Dwayne Johnson, with a masterful make-up job by the multiple Oscar-winning Kazu Hiro, delivering an intimate performance unlike any we have seen from him before… Emily Blunt playing the adult bimbo woman with a tough edge unlike any we have seen from her before… Benny Safdie showing great still at delivering moments of intimacy that feel very, very grounded and human.
Sounds like a great movie. And it’s not a bad movie. But at the core of my concerns is that I feel like Benny, in his love for the material, forgot that most of the audience is coming in cold and we don’t know, even broadly, the story he knew so well by the time he made the film.
I don’t need every question I have while watching a movie to be answered. And my issue with The Smashing Machine isn’t so much that I couldn’t fill in the blanks. It’s that I couldn’t find the focus of the movie, aside from the existence on the central character, Mark Kerr.
What is tricky about most bio-pics is that filmmakers often try to get too much of the real story into the 2 hour-ish movie. They don’t select a small enough bite to fully dramatize the story fully. That is not the case here. The window is pretty short. I think.
The bulk of the movie seems to be in the period of the late years of Mark Kerr’s career. Though UFC is mentioned a lot in the marketing for the film, he only fought there in 2 major events in the course of 1 year, 1997. The movie is primarily focused on a series of events in Japan, the UFC-international-competitor PRIDE Fighting Championships, which would become a 7-year chunk of Kerr’s fighting career. He made a few efforts to come back after PRIDE, but they didn’t really take and the\y aren’t dramatized in the film.
So the movie isn’t really about creating or building the UFC, though Kerr has been honored by the UFC as a “pioneer.” That doesn’t bother me on its face, except that it meant that the movie had a very different track than the marketing suggested.
During his time primarily focused on PRIDE, Kerr dated and eventually married and had a kid with Dawn Staples, played by Emily Blunt in the film. But it’s not the story of a love that built Kerr up to become his best self. It’s a sometimes great/often horrible relationship between 2 people who love each other but seem mismatched.
Then there is the 3rd wheel, Mark Coleman, played by Ryan Bader, who is “the best friend,” but even more important, a much more successful fighter in the long run. This is really the most powerful relationship in the movie, even though you will not know - unless you are a fan - who Mark Coleman is when you enter the theater and you won’t be 100% clear when you leave. What we do have is a beautifully rendered relationship between 2 men who are committed deeply to one another (no, not in a sexual way).
The problem is, the movie isn’t about Kerr & Coleman and, eventually, how Coleman eclipsed Kerr as injuries kept him from rising any further than he did. The Girl… Dawn… excellently played by Blunt… bunch of great scenes between Dawn & Mark.
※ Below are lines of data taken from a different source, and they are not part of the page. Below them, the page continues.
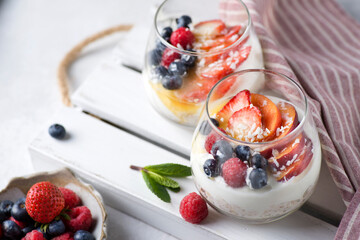 dessert in a glass with yogurt berries and jam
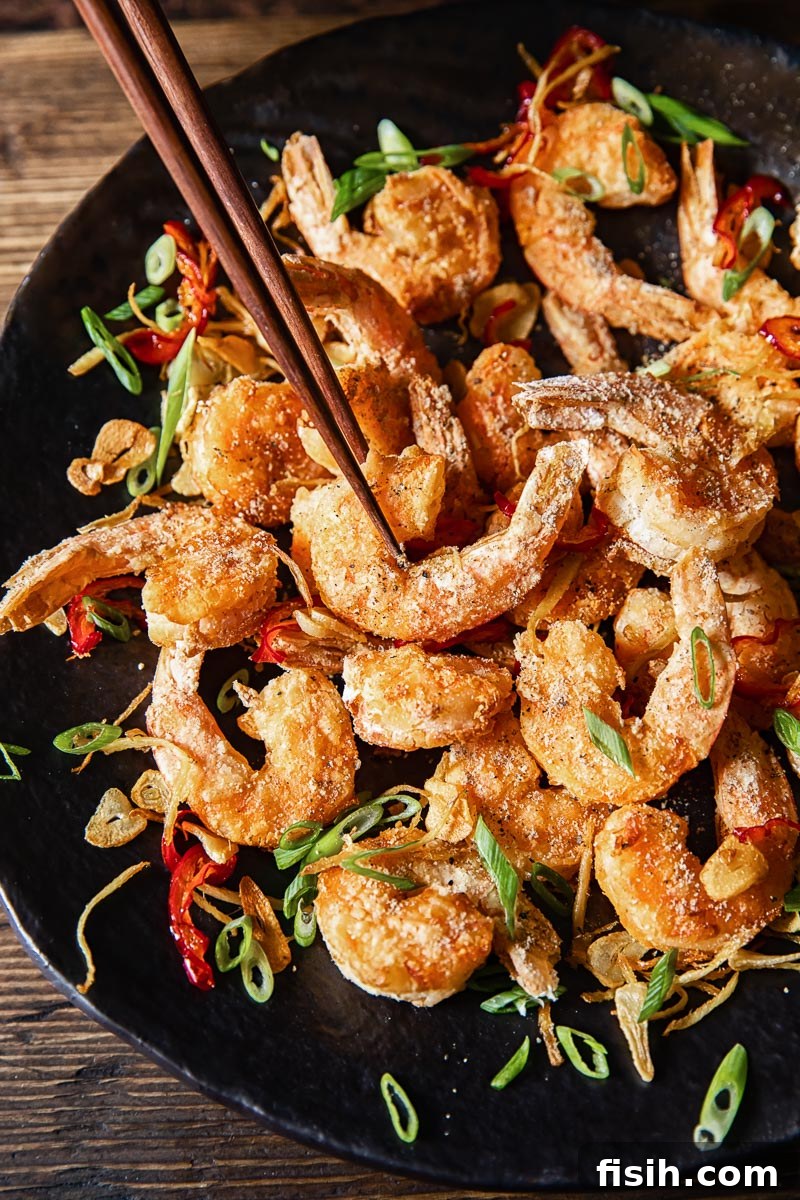 Crispy Air Fryer Salt and Pepper Shrimp 6 Top-down view of a dark platter filled with golden Salt and Pepper Prawns, with one shrimp being delicately picked up by chopsticks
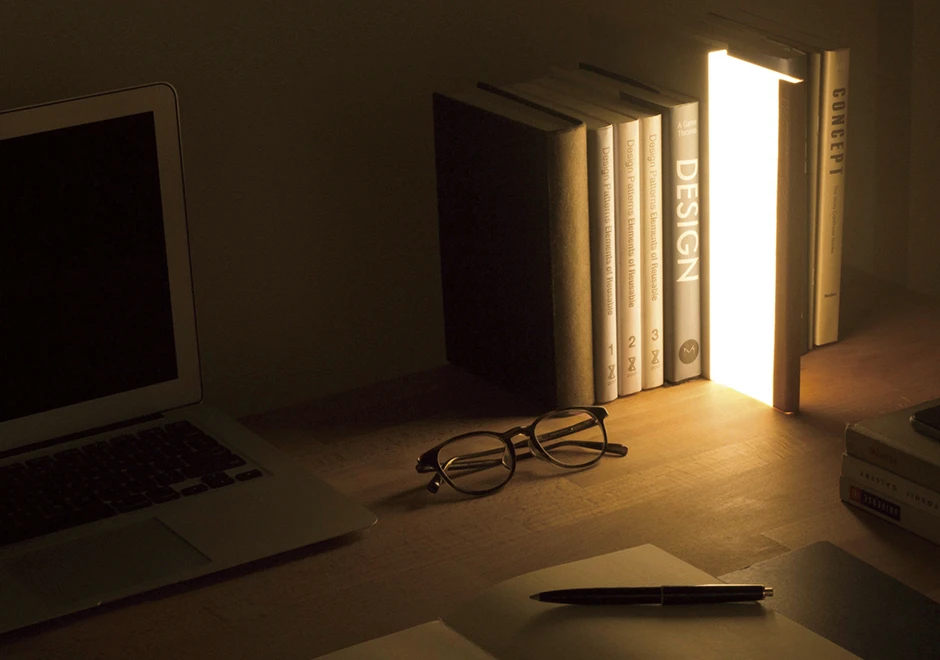 Vista lateral da luminária de mesa Night Book, mostrando a luminária em posição vertical emitindo luz.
But the movie isn’t about Mark’s passion for the woman. The movie is about a gentle giant who stays positive no matter what he has to overcome… though the movie isn’t really that focused on this as a matter of narrative.
One of those weird things that is very hard to overcome… Mark Kerr goes through a lot of stuff in the course of the movie… but he doesn’t really change at all. I mean, not A to C… and A to B is arguable. And there is nothing that Dwayne Johnson can fix about this. Kerr’s ultimate kindness is who he is. It’s not boring… but it is very limiting.
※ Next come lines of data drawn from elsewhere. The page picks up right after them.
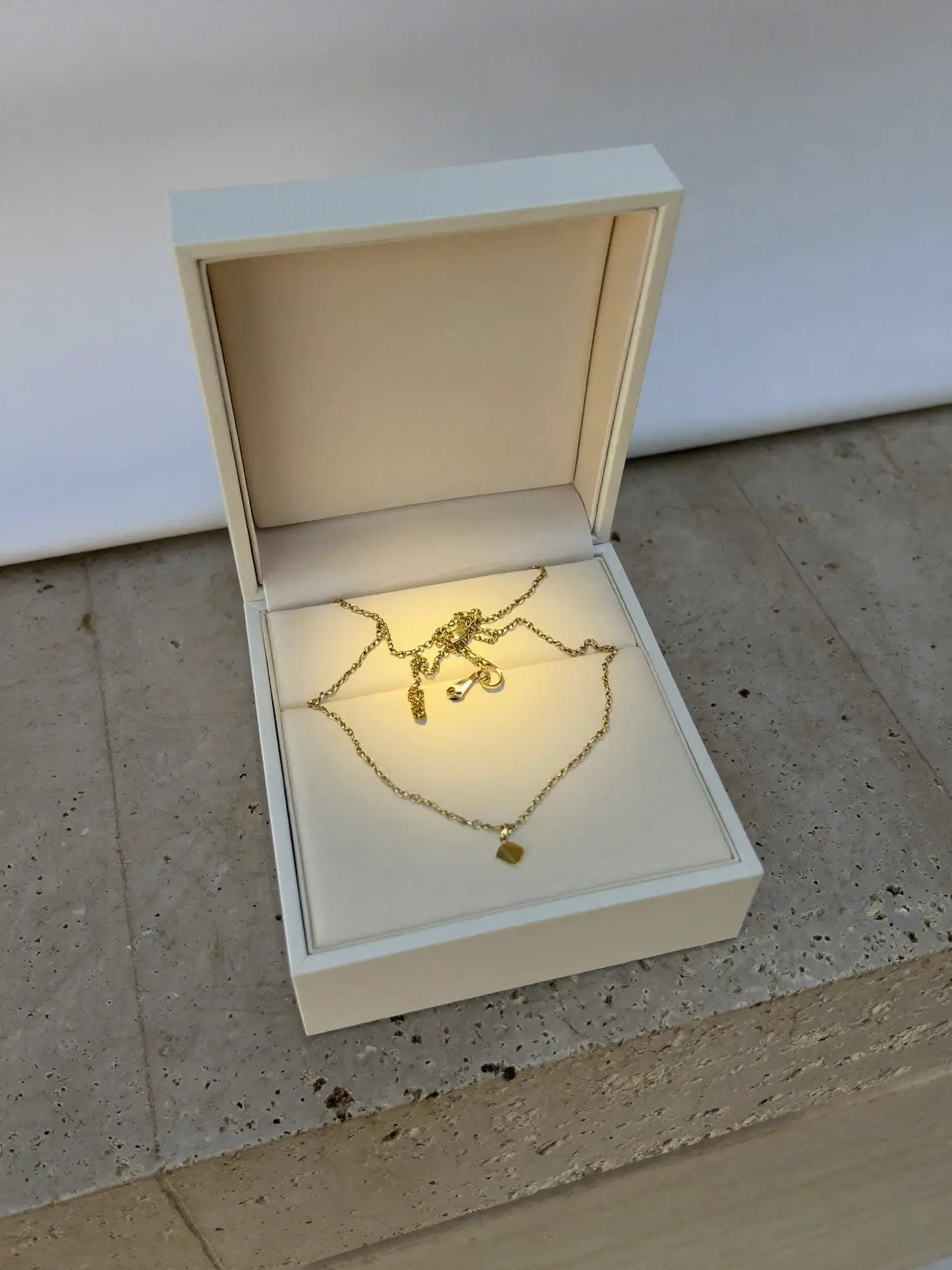 A fine gold necklace lit inside an open ivory jewellery box on limestone.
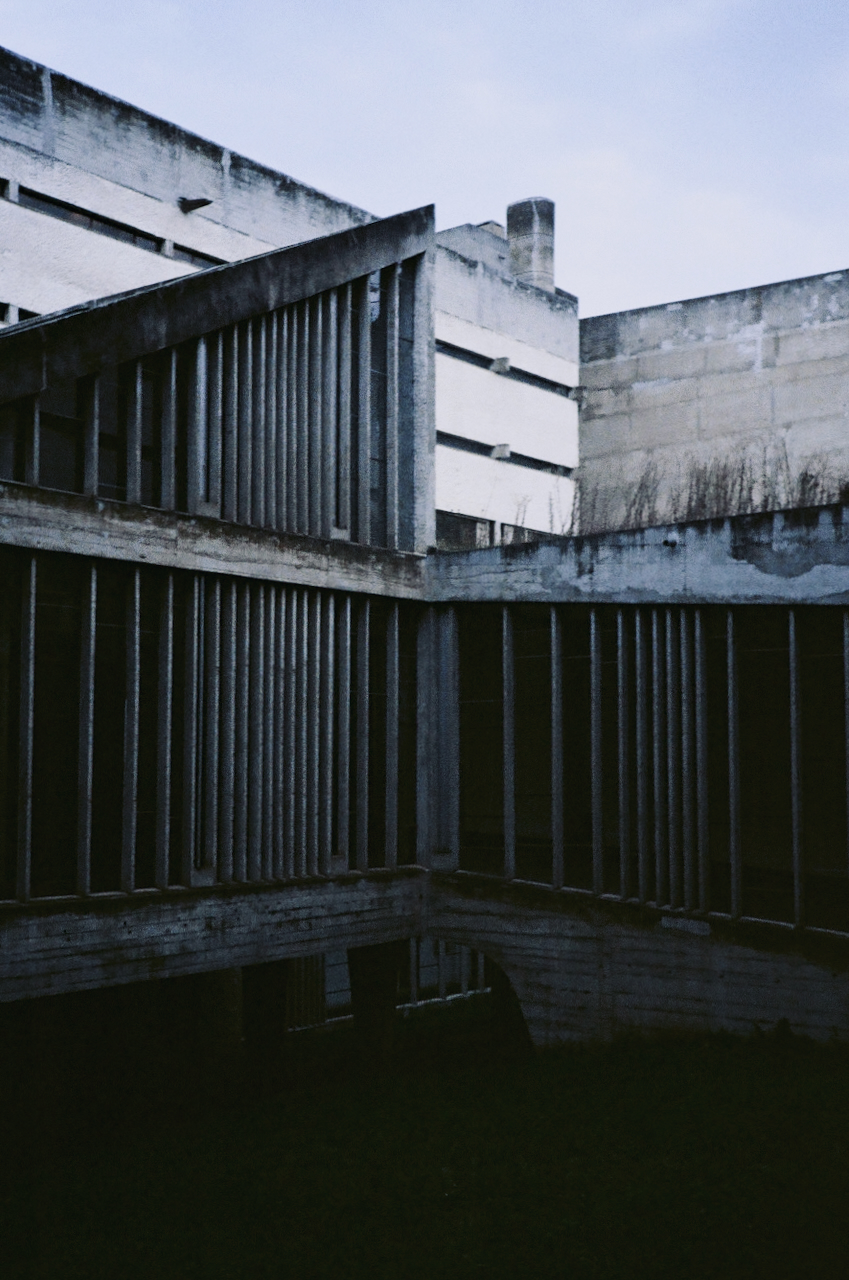 Abandoned building with multiple windows and a large, open space in the foreground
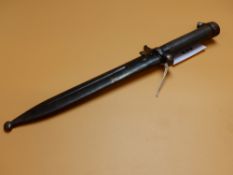 A MAUSER FITTING BAYONET AND IRON SCABBARD STAMPED 5/125 NO. 736 ON THE GUARD AND 4/125 NO. 668 ON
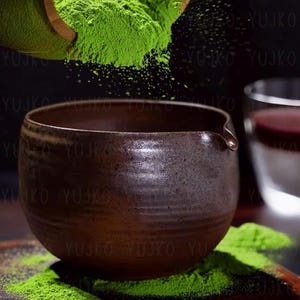 以下が含まれることがあります： 注ぎ口のある濃い茶色の陶器のボウルに、緑色の抹茶パウダーが満たされています。パウダーは木製のさじから注がれています。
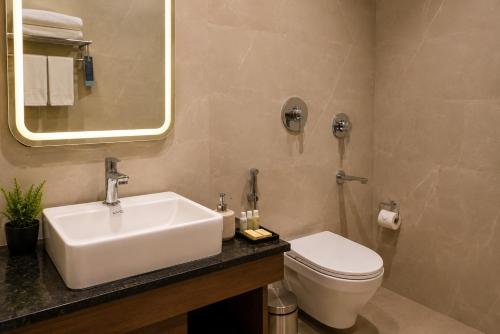 a bathroom with a sink and a toilet and a mirror at South Forest Wayanad By Bestinn Leisure in Sultan Bathery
I actually like the ending… which I will not give away here. It reasserts the primary theme of the movie, which is good.
In a weird way, I would like this movie more if it was a TV series, with a full season of episodes to be extracted from this 2 hours of material. Here is the focus, here is the thing in the way, here is how Mark Kerr overcame or didn’t overcome it. This is not to say that Benny Safdie shot it like TV, but rather that the dramatic moments are here… they just aren’t connected effectively. Any 10 minutes of the film might be excellent. But as we move on to the next thing, the question of “Why did this part of the story get included?” and always, “Why are you telling me this whole story?’
It was like a day in the ocean, trying to catch a wave, and nice looking waves come along, but none of them sustain long enough for a fully satisfying ride.
There are a lot of great looking waves here. Dwayne Johnson is very good. I don’t think he is a lock for an Oscar nod, but he certainly is a legitimate contender. I don’t expect Emily Blunt has enough here for a nod, but one never knows… those female acting categories are often more open than one might hope.
There is nothing “F” about this movie. And there is a lot of “A.” But in the end, I left the theater feeling “incomplete.”